久々に食べる味の濃い料理と固いパンで空腹を満たした俺はなんだか恥ずかしくなり、慌ただしく席を離れて図鑑の内容を確認しに向かうのだった。
―――――――――
「おう、次も買いに来いよ!」
昔と変わらず頑固一徹で評判の爺さんの声を背に受けて、外へ出た俺は改めて自身の装備を確認していた。
年季の入った無地の麻服に、胸部を覆う鉄のプレートと両の太ももに装着したダガー。これだけ見れば、手切れ金だけ渡された駆け出し冒険者の貴族の三男坊に見えなくもない。スラムで襲ってきた相手から奪ったもので身を包んでいた頃に比べれば格段にマトモな見た目である。
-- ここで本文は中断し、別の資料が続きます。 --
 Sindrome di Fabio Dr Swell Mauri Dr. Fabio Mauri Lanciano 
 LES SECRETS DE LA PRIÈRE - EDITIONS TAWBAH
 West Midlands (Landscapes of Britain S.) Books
それに加えてある程度大きめの紐で口を縛る形状の袋を背負い、俺は王都を覆う壁の外へと出るのだった。
西征を繰り返して発展してきた歴史のあるこの国は、文面だけ見れば誰もが首を傾げるように王都が最前線に位置しているという奇妙なところがある。未知の樹海を切り拓いて土地を開拓し、その地に住む野獣をものともせずに突き進んできた我らが先祖は、やがて辿り着くことになった巨峰の麓で足を止めることを決めたらしい。
その山の向こうに何が広がるかは知る由もない。
だがその麓にどのような宝の山が広がっているかは知る人ぞ知る。
東側にはこの国が支配領域を拡大してきた軌跡に根を下ろして発展した街々があるために、もっぱらこの国の人々はそちらの方との交流を深めようとする。その代わりに、西部の樹海には手つかずの自然が豊かに残されている。
「おっと、アオカブラダケだな」
さく、さくと生い茂る草木の中をかき分けていくと、早速俺は崖の下の日があまり刺さない場所に群生する青色のキノコ群を発見した。今回の依頼の目標、その一つである。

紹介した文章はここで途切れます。